Our results raise concerns about the completeness and quality of media reporting about new medications.

lipitor pill 2017-11-27

The independent effects of numerous circulating inflammatory cytokines and inflammatory associated blood cells on reendothelialization and restenosis after PCI has been elucidated, whereas the blood circulation's general effect on restenosis is still pending. Thereby, author investigated the impact of blood circulation on reendothelialization, restenosis and atrovastatin's restenosis prevention effects.

lipitor reviews webmd 2017-07-23

Data for the post hoc analyses were derived from three 12-week controlled studies and a 52-week extension study. Patients were treated with fenofibric acid 135 mg; low-, moderate-, or high-dose statin (rosuvastatin 10, 20, or 40 mg; atorvastatin 20, 40, or 80 mg; or simvastatin 20, 40, or 80 mg); or fenofibric acid + low- or moderate-dose statin in the controlled studies; and with fenofibric acid + moderate-dose statin in the extension study.

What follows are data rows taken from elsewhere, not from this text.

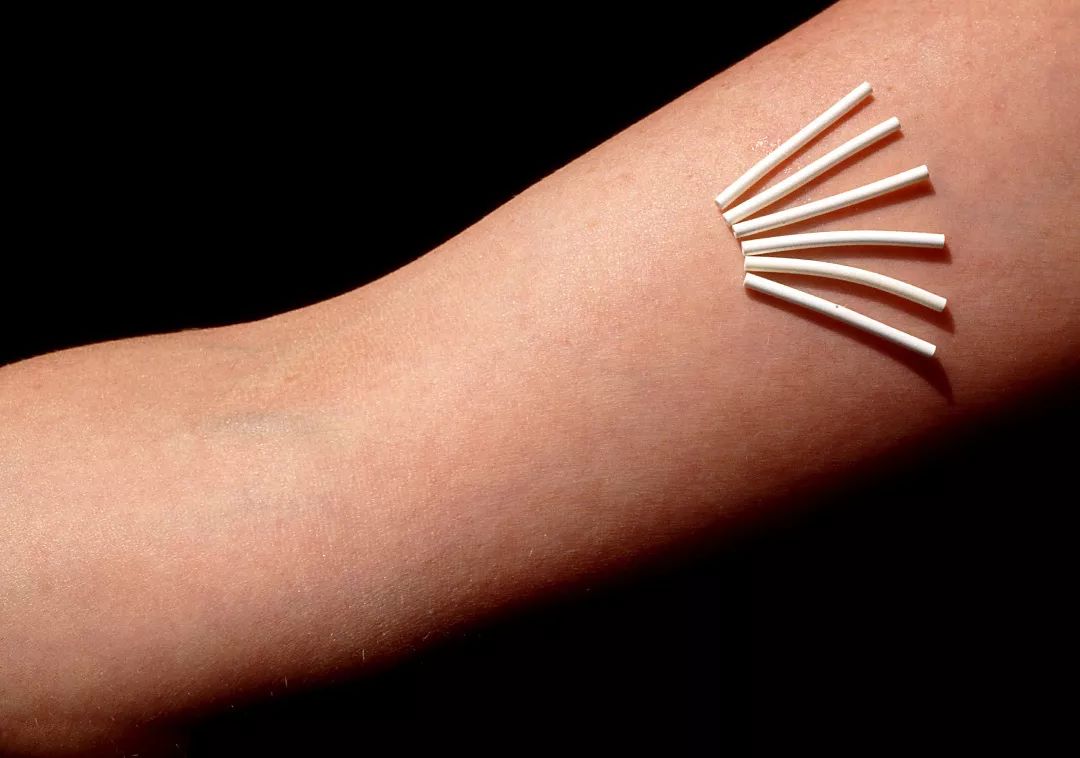 在美国做手术的体验,在美国做妇科手术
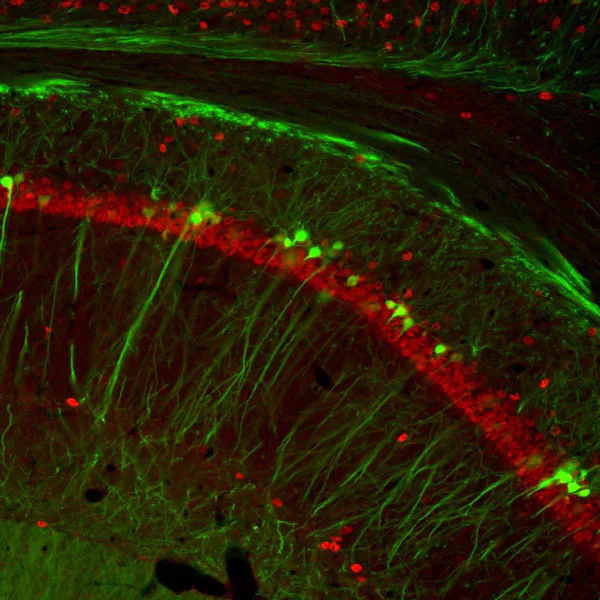 Immunohistochemistry (Formalin/PFA-fixed paraffin-embedded sections) - Anti-NeuN antibody - Neuronal Marker (AB134014)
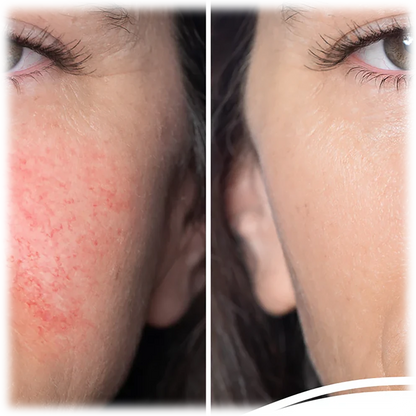 Masque LED de Luminothérapie Rechargeable - 7 Couleurs Anti-Acné et Rajeunissement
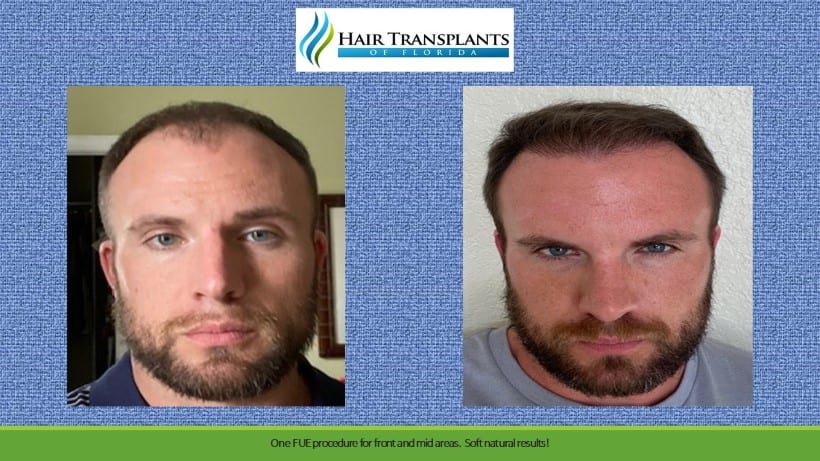 Clinic-provided before and after portrait of a hair transplant patient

Achievement of risk-stratified low-density lipoprotein cholesterol (LDL-C), non-high-density lipoprotein cholesterol (non-HDL-C), and apolipoprotein B (ApoB) targets; and optimal levels of ApoB <90 mg/dL, HDL-C >40/50 mg/dL in men/women, triglycerides (TG) < 150 mg/dL, and high-sensitivity C-reactive protein <2 mg/L were assessed.

lipitor overdose 2015-11-08

Low dose contrast induces light renal function damage. Pretreatment with atorvastatin 20 mg/qn for 2 to 3 days could significantly reduce procedural inflammatory reaction, attenuate urinary protein and the effect of degrading GFR in coronary angiography patients.

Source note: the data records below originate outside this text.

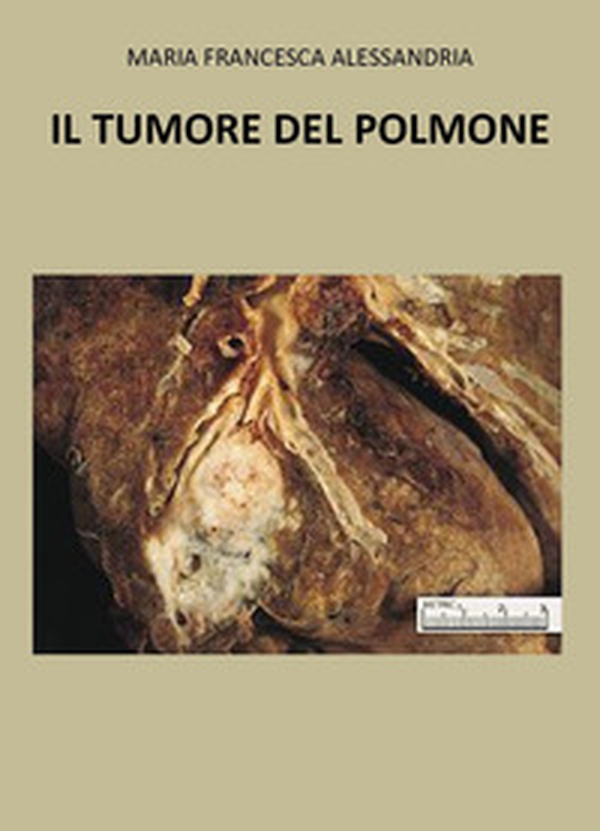 Il tumore nel polmone - Librerie.coop Il tumore nel polmone - Librerie.coop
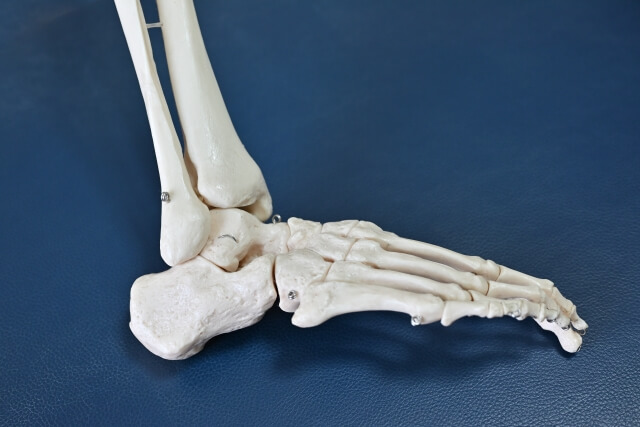 족저 근막염 증상 원인 치료법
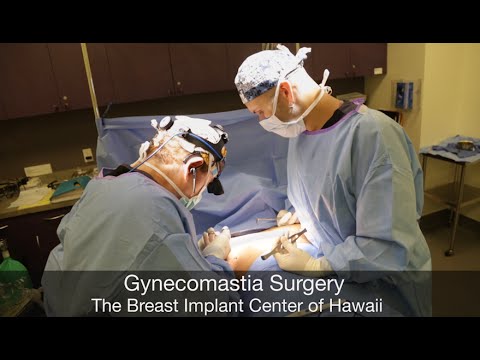 Honolulu Gynecomastia Surgery (Graphic) - Part Three - Gland Removal - Gynecomastia Hawaii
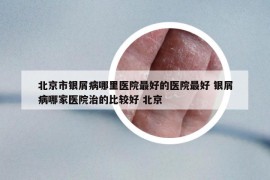 北京市銀屑病哪里醫(yī)院最好的醫(yī)院最好 銀屑病哪家醫(yī)院治的比較好 北京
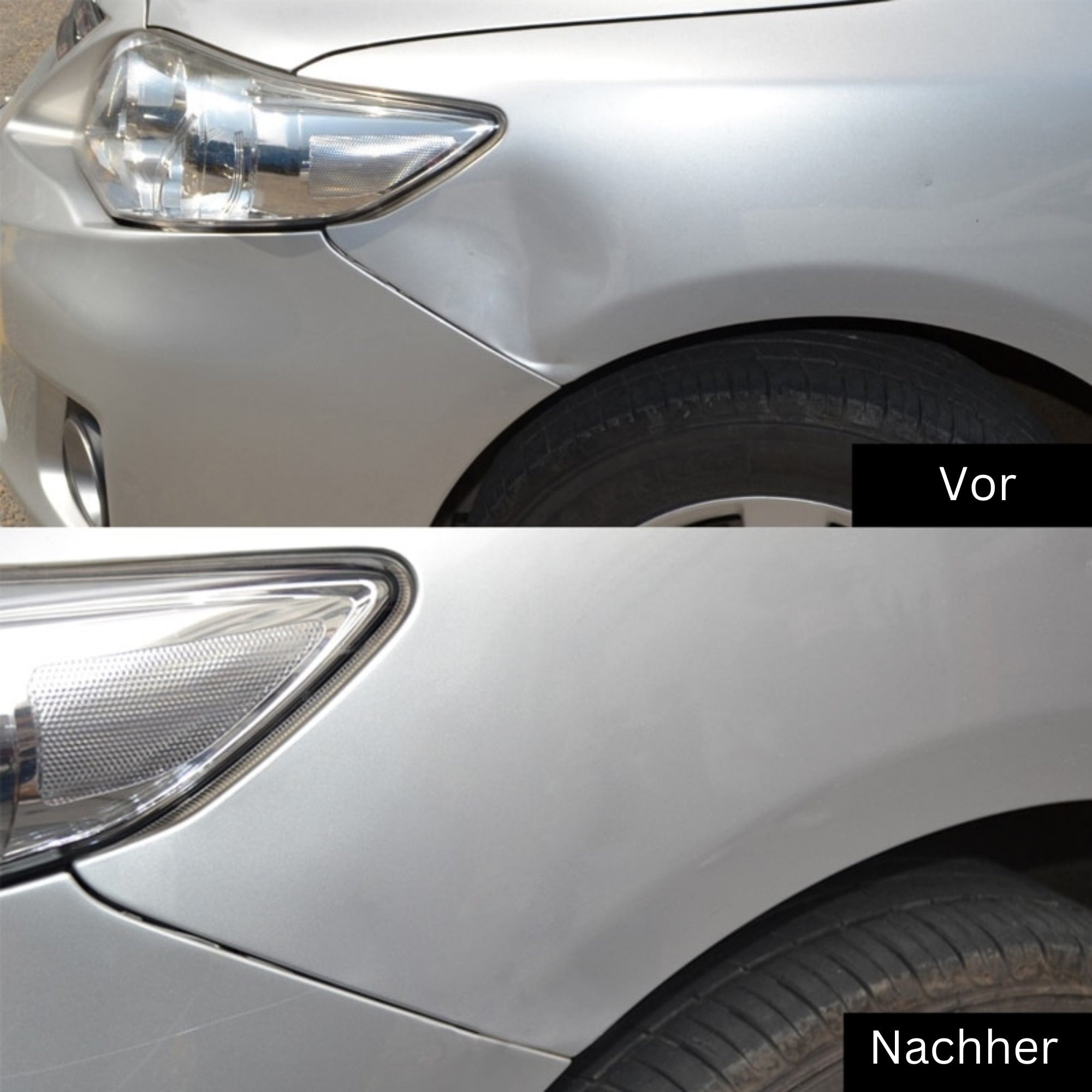 Dellen Im Auto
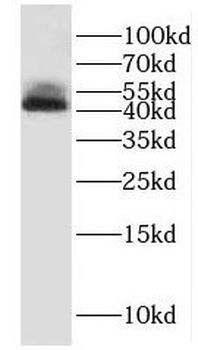 HNRNPF Rabbit Polyclonal Antibody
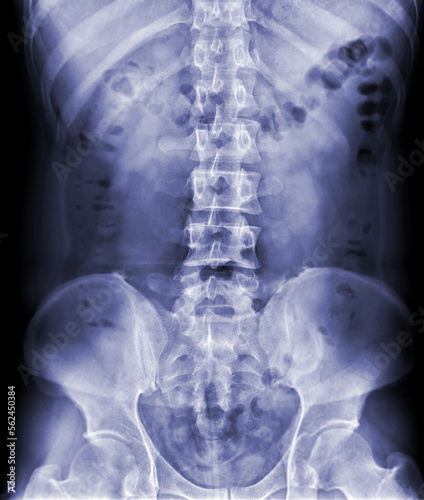 X-ray image of lambosacral spine or L-S spine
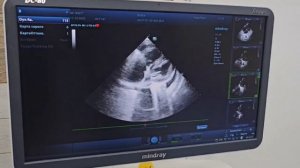 Сердце не выдержит наркоза... Страшная правда о здоровье несчастной кошки | Агата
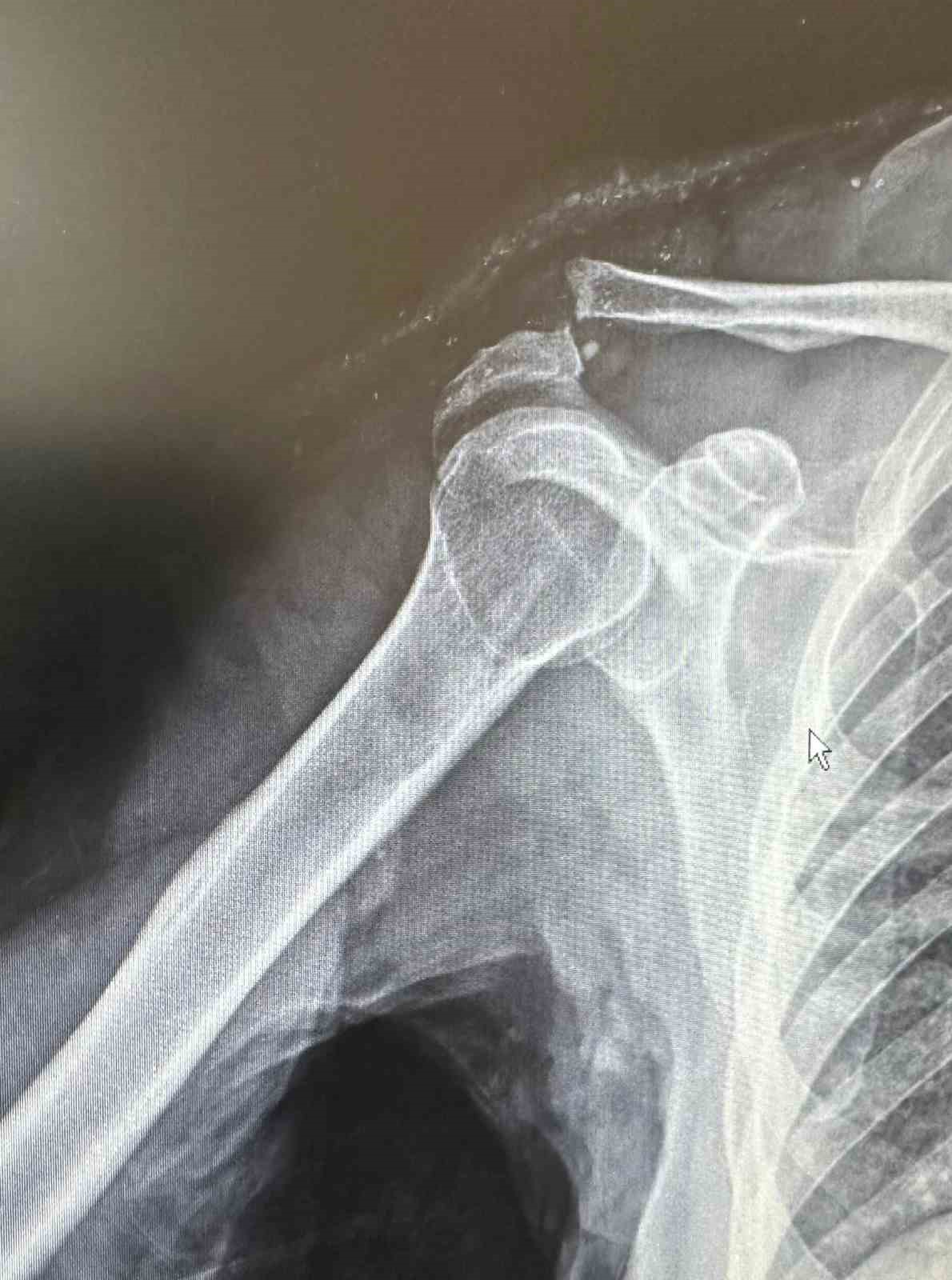 Tenis oynarken omuz çıkığı yaşayan 64 yaşındaki hasta, kullanılan özel plakla sağlığına kavuştu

lipitor 10mg tablet 2015-12-18

The objective of this multicenter, randomized, open-label, parallel-group, 8-week study was to evaluate the comparative dose efficacy of the 3-hydroxy-3-methylglutaryl coenzyme A (HMG-CoA) reductase inhibitor atorvastatin 10, 20, 40, and 80 mg compared with simvastatin 10, 20, and 40 mg, pravastatin 10, 20, and 40 mg, lovastatin 20, 40, and 80 mg, and fluvastatin 20 and 40 mg. Investigators enrolled 534 hypercholesterolemic patients (low-density lipoprotein [LDL] cholesterol > or = 160 mg/dl [4.2 mmol/L] and triglycerides < or = 400 mg/dl [4.5 mmol/L]). The efficacy end points were mean percent change in plasma LDL cholesterol (primary), total cholesterol, triglycerides, and high-density lipoprotein cholesterol concentrations from baseline to the end of treatment (week 8). Atorvastatin 10, 20, and 40 mg produced greater (p < or = 0.01) reductions in LDL cholesterol, -38%, -46%, and -51%, respectively, than the milligram equivalent doses of simvastatin, pravastatin, lovastatin, and fluvastatin. Atorvastatin 10 mg produced LDL cholesterol reductions comparable to or greater than (p < or = 0.02) simvastatin 10, 20, and 40 mg, pravastatin 10, 20, and 40 mg, lovastatin 20 and 40 mg, and fluvastatin 20 and 40 mg. Atorvastatin 10, 20, and 40 mg produced greater (p < or = 0.01) reductions in total cholesterol than the milligram equivalent doses of simvastatin, pravastatin, lovastatin, and fluvastatin. All reductase inhibitors studied had similar tolerability. There were no incidences of persistent elevations in serum transaminases or myositis.